現在の高速道路保全作業時の走行車線規制方法 保全作業現場の状況

 作業地点の300m手前で侵入車に気付くことができれば、作業員は逃げることが可能だというが、この距離だと目視では車は豆粒ほどの大きさにしか見えないので、異変を察知することができない。

 「仁王」は、時速100km(秒速27m)で走行する車の速度と距離をレーダーとステレオカメラで測定する。規制エリアに侵入する車を感知した場合、ETCのアラームとフラッシュでドライバーに対して警報を出す。同時に作業員に対しては、騒音下でも聞こえるようにヘルメットに内臓した骨伝導スピーカーで指示を出す仕組み。

 現時点では、ETCにこのような機能がないため、ETCメーカーや西日本高速道路株式会社などと協議を行なっていく。現在、ETCの普及率は60~70%だが、大型トラックに関しては100%に近い普及率であり、実現されれば大きな効果が期待できるという。


現在使用されている標識車。これを、車検のタイミングで「仁王」に移行していきたいという 標識車の位置から、高速道路の流れを撮影。前方の青い車付近で、ドライバーに注意を促すことができれば、作業員の安全確保ができる

 「仁王」のネーミングは、寺の山門に祀られる仁王像に由来する。仁王像が寺域に入ってくる侵入者を監視するように、侵入車両を監視し、作業区域内の安全を守るロボットである。


トイレ清掃ロボット「LADY BIRD」

「LADY BIRD」の外観予想図
 「LADY BIRD」は、床に水を拭きつけながらブラシで磨き、掃除後の水分をバキュームで吸い取る、テントウムシ型の床面清掃ロボット。

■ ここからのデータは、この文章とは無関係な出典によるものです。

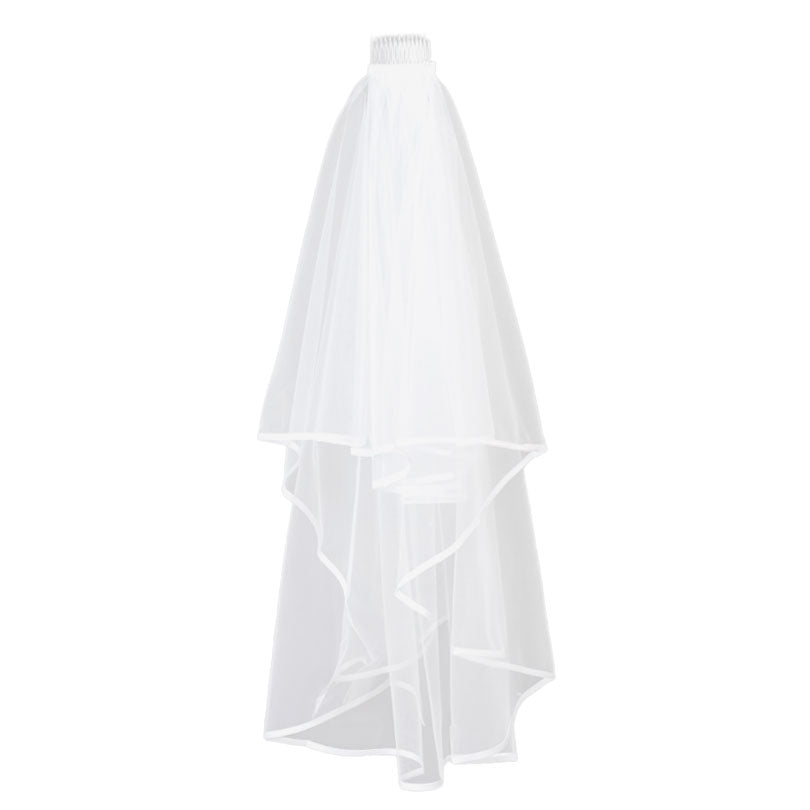 VOILE DE LA MARIEE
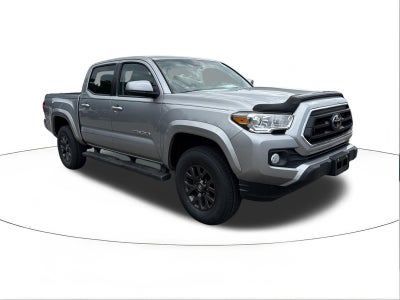 2021 Toyota Tacoma 2WD SR5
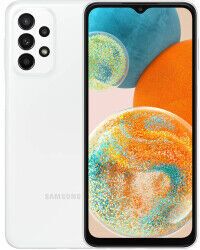 Samsung Galaxy A23 5G | 4 GB | 128 GB | Dual-SIM | biały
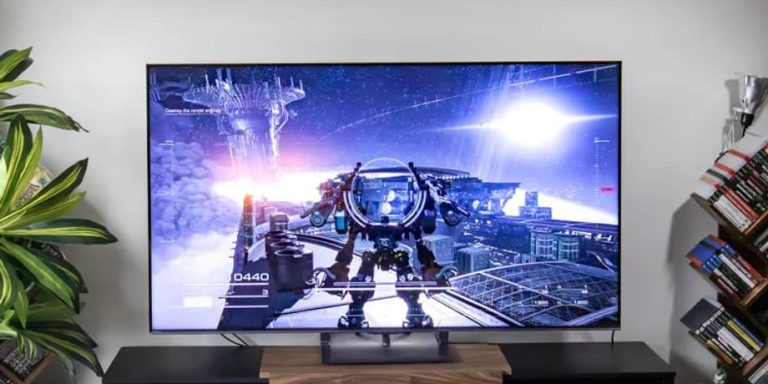 Обирайте топові телевізори з HDMI 2.1: експерти радять Samsung та Hisense 19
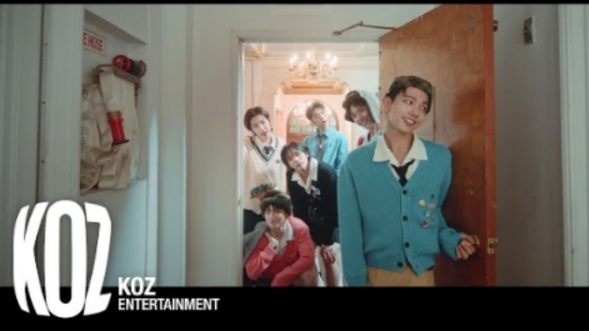 BOYNEXTDOOR "One And Only" MV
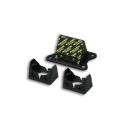 MALOSSI 2715810.C0 : Caja de láminas MALOSSI VL18 MHR Team con láminas de carbono 0,30mm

 現在、高速道路のサービスエリアやパーキングエリアの清掃業は、高齢の女性が主戦力となっている。冬場の早朝掃除等の厳しい環境はもとより、夜や早朝の清掃時にセクシャルハラスメントの被害にあうこともあり問題になっているという。労働者の高齢化が進んでいるため、現在の職場環境の改善とともに将来の労働力不足を解決することも課題となっている。

 西田氏は「複雑な形状の便器周りや、狭い個室は人間の手でなくては掃除できないが、力仕事の床面掃除にロボットを導入し、清掃員の負担を軽減したい」と述べた。

 現在開発中の試作機はラジコン操縦だが、平成20年度には、利用者がいるトイレ内で、人を認識して安全に作業する知能化ロボットになる。清掃作業していないときは、道路交通情報や近隣の観光案内を利用者に提供するコミュニティロボットの機能も併せ持つ予定。

 トイレの幅は90cmくらいとかなり狭いため、前進してターンして戻ってくる機構や、清掃のためのスイーパーを車両の中央に取り付けるなど工夫が必要になる。部屋の4隅を清掃するのが技術的に難しいため、当面は四角い部屋を丸く掃くところから始めて、実証実験のなかで改良していく。便器周囲などは、人手に頼らなくては掃除できないため、人とロボットが協働して活動する仕組みを考える。

 「LADY BIRD」のネーミングは、テントウ虫に由来する。テントウ虫の可愛いイメージで、清掃のイメージをアップするとともに、アブラムシを食べる益虫であることから「油をとる」という意味に掛けているという。